Mesh Analysis with Dependent Supplies#

I often describe dependent supplies as the one component we’ve covered thus far that I cannot pull out of a draw and put in your hands. Nevertheless, dependent supplies play an important role in analysis of modern electronics. Every transistor is modeled with a dependent supply during analysis. If you have a smart phone in your pocket right now, you have between one billion and two billion dependent supplies with you right now. Maybe you’re even using them to read this!

Mesh analysis does not change much from what we have done so far. The only change is the need to write an expression for the control variable of the dependent supply, and then substitute it into the system of equations.

Here’s an example

Example

Solution

The goal, as always with mesh analysis, is to write enough equations in terms of the unknown mesh currents to result in a solvable system of equations. The presence of the dependent supply does not change our approach to determining the number and types of equations we will write. We count the number of current supplies, dependent or independent, and write a KCL for each. Then we fill in the rest of the system with KVL equations. For this circuit this results in:

\[0\text{ KCL}+2\text{ KVL}=2\text{ Unknowns}\]

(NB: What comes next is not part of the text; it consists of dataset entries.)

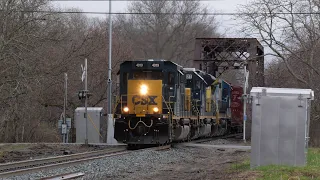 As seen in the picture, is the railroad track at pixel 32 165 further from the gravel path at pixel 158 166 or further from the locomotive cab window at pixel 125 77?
the locomotive cab window at pixel 125 77

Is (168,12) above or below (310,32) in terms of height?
above

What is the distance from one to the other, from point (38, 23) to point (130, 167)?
1464 cm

We can label our mesh currents and passive polarities as we did before

If you haven’t noticed yet this circuit has a dependent supply. In this case it is a voltage supply as indicated by the + and - within the diamond shape. The input in this case is the voltage $V_{x}$. We need to write an expression for $V_{x}$ in terms of the unknowns of the system. We do this as if we know the mesh currents and want to find $V_{x}$ as if it were an output of the circuit.

\[V_x=I_1R_2=2I_1\]

Notice that the current is positive as it matches the positive direction with regards to the passive sign convention and the polarity as labeled in the original problem.

We can now focus on writing the two KVL equations for this circuit. There is no dependent supply in this mesh therefore the KVL around $I_1$ looks like the KVL’s we’ve written before.

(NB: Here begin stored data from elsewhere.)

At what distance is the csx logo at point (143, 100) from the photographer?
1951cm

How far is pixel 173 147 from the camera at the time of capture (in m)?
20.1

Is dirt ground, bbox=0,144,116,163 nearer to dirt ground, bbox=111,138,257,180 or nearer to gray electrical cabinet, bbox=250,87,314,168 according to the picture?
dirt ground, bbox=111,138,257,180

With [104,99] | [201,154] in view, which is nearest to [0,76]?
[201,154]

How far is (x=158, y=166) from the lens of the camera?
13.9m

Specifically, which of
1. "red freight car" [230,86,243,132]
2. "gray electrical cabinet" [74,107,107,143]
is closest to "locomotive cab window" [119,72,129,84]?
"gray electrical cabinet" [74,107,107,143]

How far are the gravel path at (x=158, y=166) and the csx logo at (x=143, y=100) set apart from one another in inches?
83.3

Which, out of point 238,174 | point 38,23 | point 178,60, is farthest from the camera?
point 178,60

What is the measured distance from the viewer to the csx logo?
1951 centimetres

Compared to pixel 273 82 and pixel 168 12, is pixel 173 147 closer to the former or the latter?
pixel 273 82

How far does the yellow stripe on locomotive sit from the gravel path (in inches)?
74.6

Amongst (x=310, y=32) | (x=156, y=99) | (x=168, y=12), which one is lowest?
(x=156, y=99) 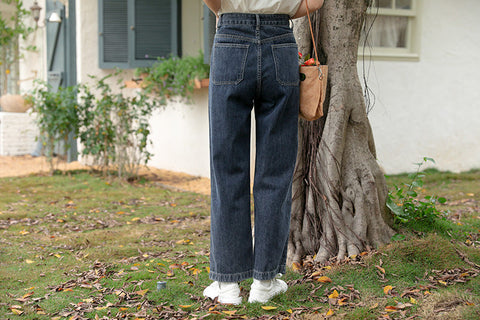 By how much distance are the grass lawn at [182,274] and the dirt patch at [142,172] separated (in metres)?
2.20

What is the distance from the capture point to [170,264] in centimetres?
392

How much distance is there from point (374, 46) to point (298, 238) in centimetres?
498

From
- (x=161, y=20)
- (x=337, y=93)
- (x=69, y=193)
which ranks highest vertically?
(x=161, y=20)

\[\begin{eqnarray*} \color{blue}-V_{R1}-V_{R2}-V_{R3}-V_{S1}=0\\ \color{blue}-I_1R_1-I_1R_2-(I_1-I_2)R_3-V_{S1}=0\\ \color{blue}-R_1I_1-R_2I_1-R_3I_1+R_3I_2=V_{S1}\\ \color{blue}(-R_1-R_2-R_3)I_1+R_3I_2=V_{S1}\\ \color{blue}-12I_1+4I_2=12\\ \end{eqnarray*}\]

The KVL around the $I_2$ mesh does involve the dependent supply and thus we need to perform one additional substitution.

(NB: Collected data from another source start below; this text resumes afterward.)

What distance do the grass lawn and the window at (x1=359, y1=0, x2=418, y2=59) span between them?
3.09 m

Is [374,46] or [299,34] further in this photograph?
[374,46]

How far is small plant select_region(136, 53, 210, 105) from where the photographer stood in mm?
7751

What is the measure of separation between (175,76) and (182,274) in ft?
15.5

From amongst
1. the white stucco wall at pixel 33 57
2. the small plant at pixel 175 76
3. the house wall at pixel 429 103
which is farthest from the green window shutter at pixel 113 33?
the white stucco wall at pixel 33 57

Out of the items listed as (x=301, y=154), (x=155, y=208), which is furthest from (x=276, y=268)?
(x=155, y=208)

\[\begin{eqnarray*} \color{red}V_{S1}-V_{R3}-V_{R4}-V_{R5}+V_{S2}=0\\ \color{red}V_{S1}-(I_2-I_1)R_3-I_2R_4-I_2R_5+3V_{x}=0\\ \end{eqnarray*}\]

I will substitute the value of $V_x$ into the system now. This way I can expand that term at the same time I expand the others. Ultimately, the equation must only contain the unknown variables and constants.

\[\begin{eqnarray*} \color{red}V_{S1}-(I_2-I_1)R_3-I_2R_4-I_2R_5+3(2I_1)=0\\ \color{red}V_{S1}-I_2R_3+I_1R_3-I_2R_4-I_2R_5+6I_1=0\\ \color{red}(R_3+6)I_1+(-R_3-R_4-R_5)I_2=-V_{S1}\\ \color{red}10I_1-16I_2=-12\\ \end{eqnarray*}\]

These two KVLs form the system of equations :

\[\begin{eqnarray*} \color{blue}-12I_1+4I_2=12\\ \color{red}10I_1-16I_2=-12\\ \end{eqnarray*}\]

Solve using matrices to find the mesh currents:

\[\begin{split}\left[ \begin{array}{cc} -12&4\\ 10&-16\\ \end{array} \right]^{-1}\left[\begin{array}{c}12\\-12\end{array}\right]=\left[\begin{array}{c}I_1\\I_2\end{array}\right]=\left[\begin{array}{c}-947.4\text{mA}\\157.9\text{mA}\end{array}\right]\end{split}\]

Dependent supplies can also affect the KCL equations. Here is an example of that case:

Example

Find the mesh currents

Solution

Let’s mark up the schematic in the usual manner:

_images/mesh-dependent-supers-annotated.svg

Since there are two current supplies in the circuit we will write 2 KCL equations. That leaves one equation as a KVL, but where?

\[2\text{ KCL}+1\text{ KVL}=3\text{ Unknowns}\]

I like this problem as it combines concepts and even pushes one step further. The KVL we need to write cannot cross a current supply without adding another unknown. Take a moment and look for and super-meshes in the circuit. $I_{S1}$ has $I_1$ and $I_2$ flowing through it implying the two meshes form a super loop. However, if we try to write a KVL around those two meshes we encounter $I_{S2}$.

We must also notice that $I_{S2}$ has $I_2$ and $I_3$ flowing through it implying the two meshes form another super loop. However, if we try to write a KVL around those two meshes we encounter $I_{S1}$.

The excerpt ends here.